**WHAT YOU NEED TO DO**
Your answer must be an exact retyping of the line containing "Used 2023 Ford Edge Titanium SUV" and every line after it through the end of the records below, with no pictures and nothing else.

Captioned web image data:
┌──
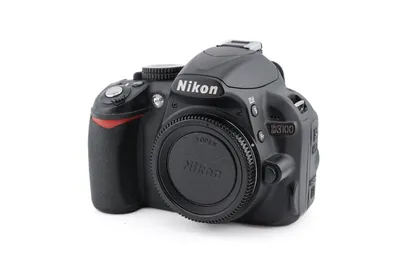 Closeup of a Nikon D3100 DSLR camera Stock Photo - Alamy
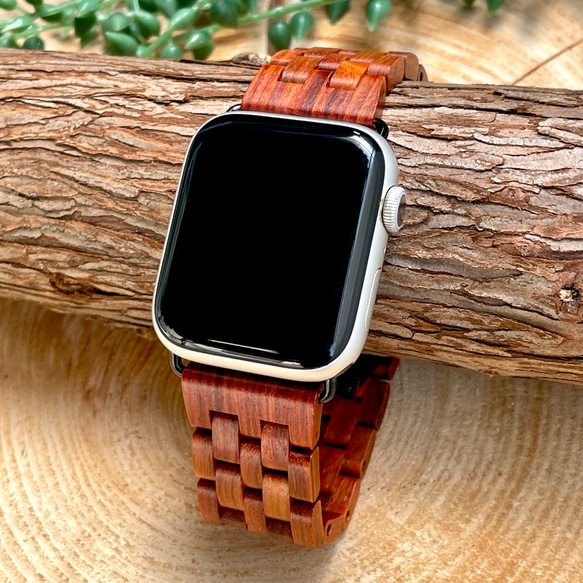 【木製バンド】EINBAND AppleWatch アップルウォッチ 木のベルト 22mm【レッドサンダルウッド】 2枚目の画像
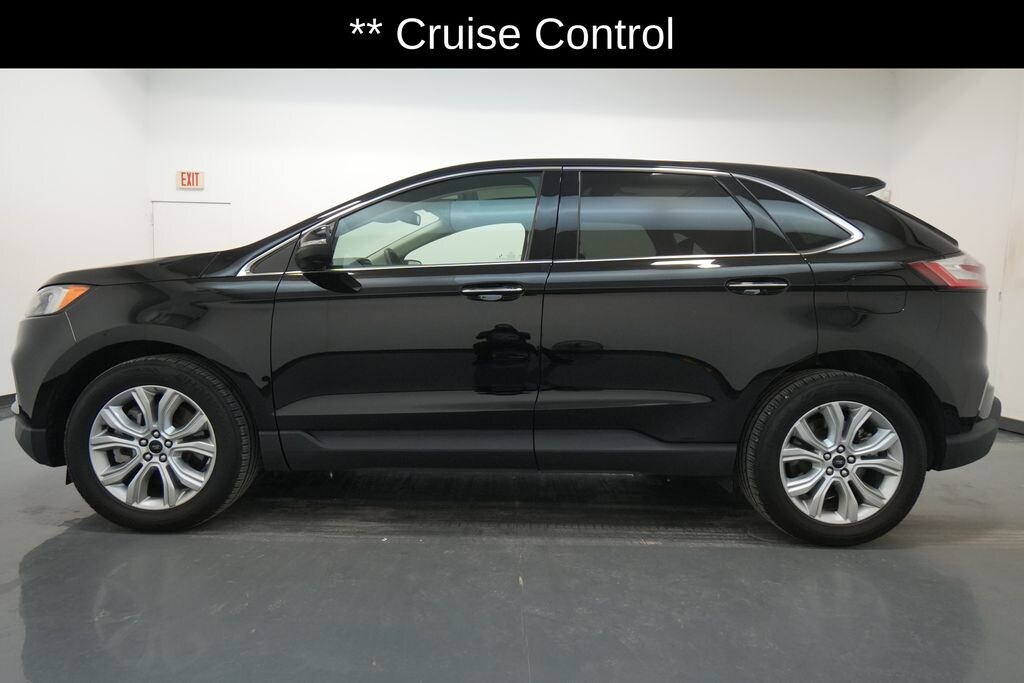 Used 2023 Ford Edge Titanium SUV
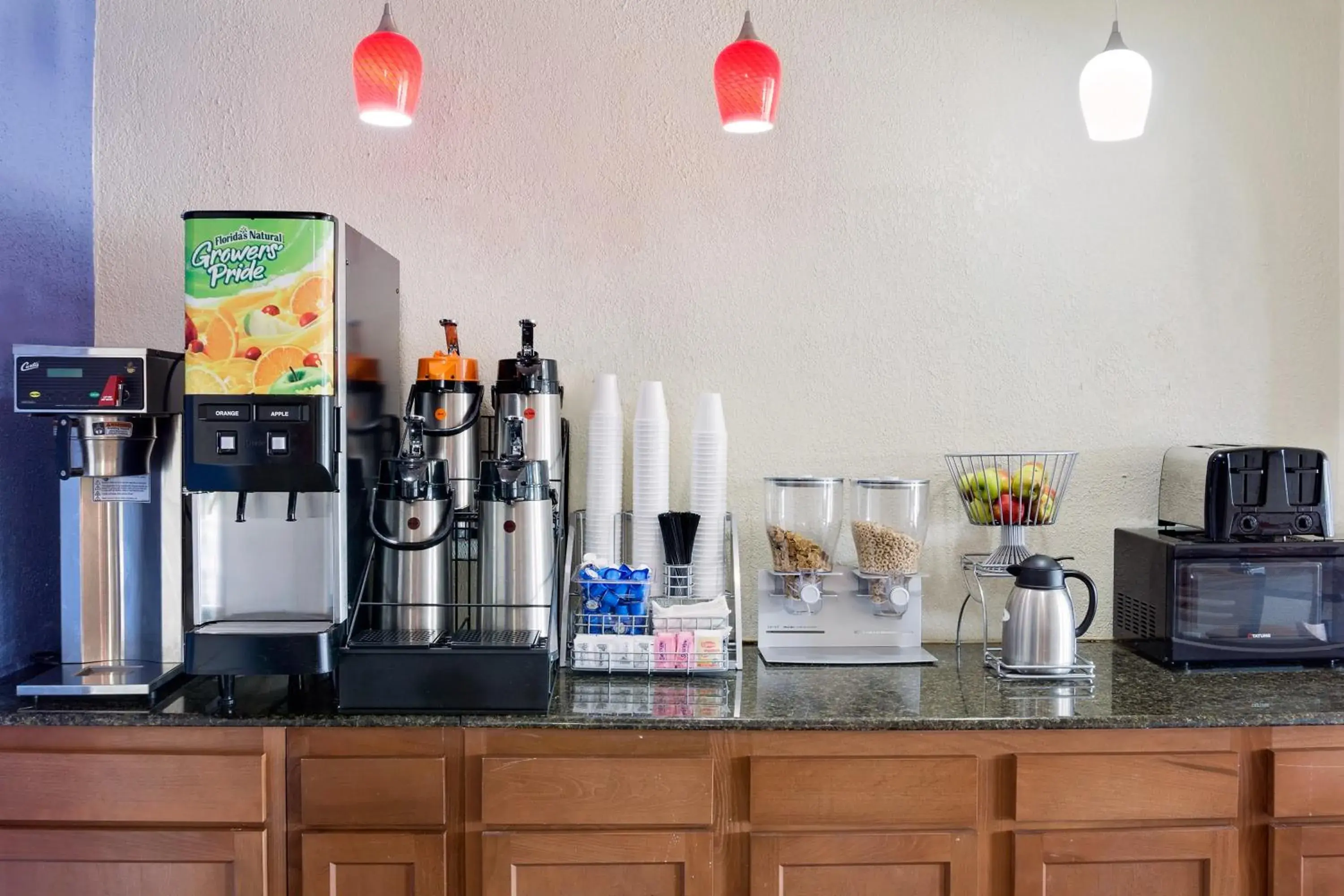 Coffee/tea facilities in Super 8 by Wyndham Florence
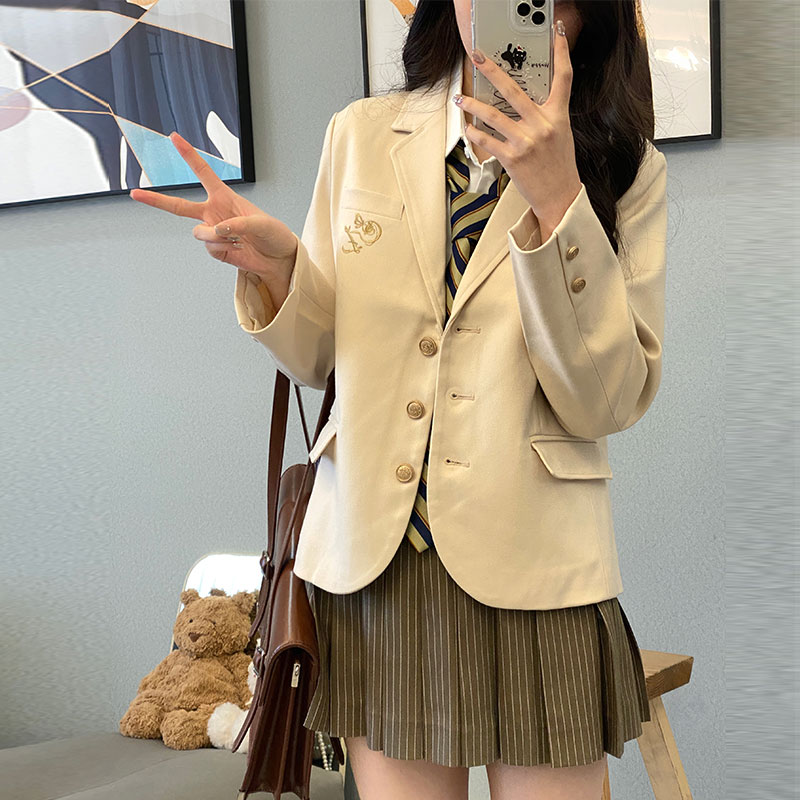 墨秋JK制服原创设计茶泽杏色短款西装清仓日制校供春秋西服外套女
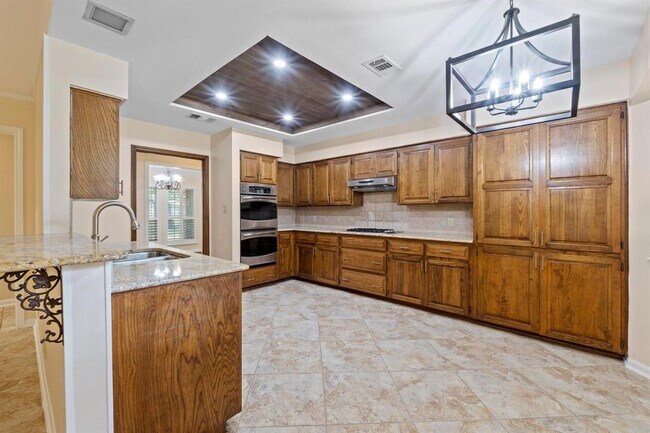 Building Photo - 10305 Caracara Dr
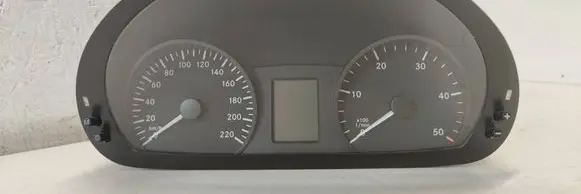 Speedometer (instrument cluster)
└──
**YOUR RESPONSE**
 Used 2023 Ford Edge Titanium SUV
 Coffee/tea facilities in Super 8 by Wyndham Florence
 墨秋JK制服原创设计茶泽杏色短款西装清仓日制校供春秋西服外套女
 Building Photo - 10305 Caracara Dr
 Speedometer (instrument cluster)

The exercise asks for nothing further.